Records provided =
============

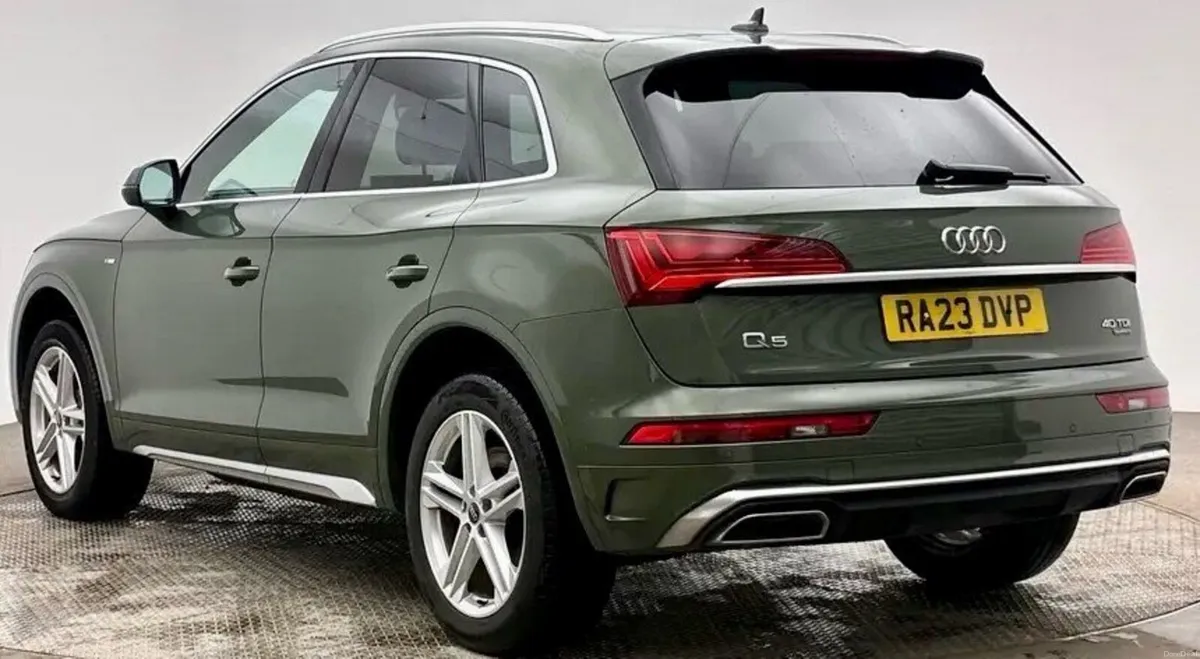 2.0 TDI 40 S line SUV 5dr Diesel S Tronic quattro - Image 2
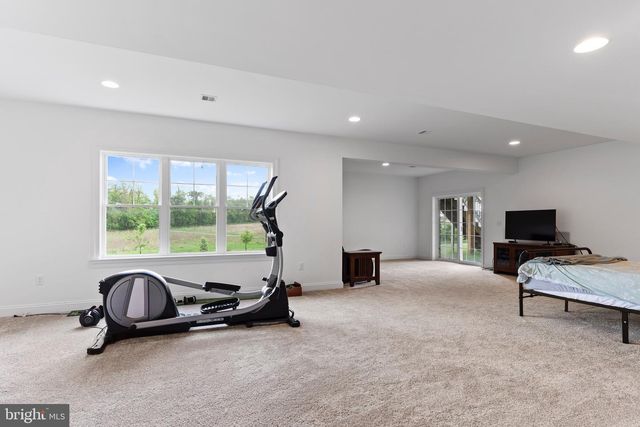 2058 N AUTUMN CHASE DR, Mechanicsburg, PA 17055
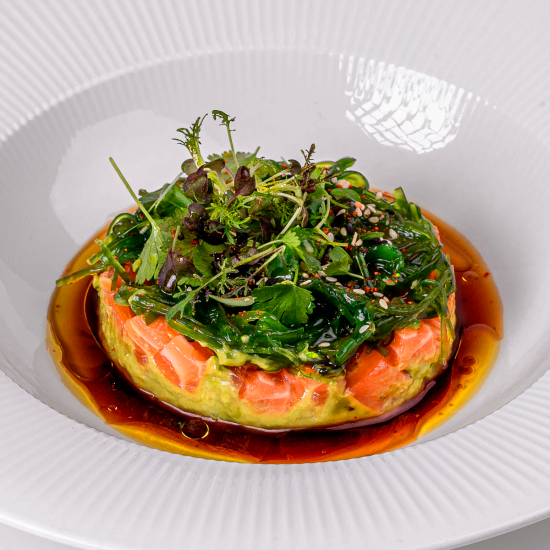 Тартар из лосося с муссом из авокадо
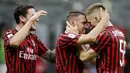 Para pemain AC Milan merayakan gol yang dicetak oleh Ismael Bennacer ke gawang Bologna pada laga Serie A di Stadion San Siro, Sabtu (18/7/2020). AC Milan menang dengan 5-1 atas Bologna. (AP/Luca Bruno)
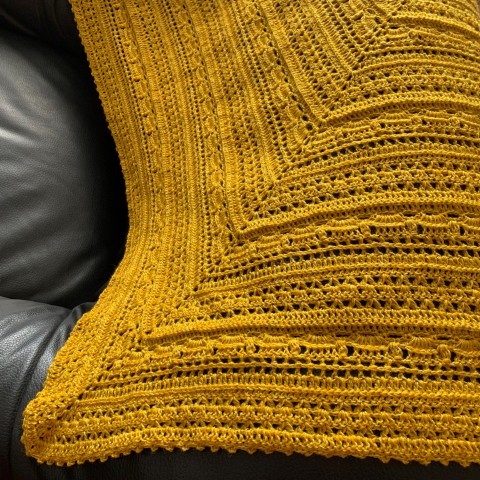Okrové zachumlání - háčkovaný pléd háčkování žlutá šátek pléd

============

What the task asks = Find the line containing "Тартар из лосося с муссом из авокадо" in the records above and restate it, and each line after it through the end, word for word, dropping the pictures.

Response =
 Тартар из лосося с муссом из авокадо
 Para pemain AC Milan merayakan gol yang dicetak oleh Ismael Bennacer ke gawang Bologna pada laga Serie A di Stadion San Siro, Sabtu (18/7/2020). AC Milan menang dengan 5-1 atas Bologna. (AP/Luca Bruno)
Okrové zachumlání - háčkovaný pléd háčkování žlutá šátek pléd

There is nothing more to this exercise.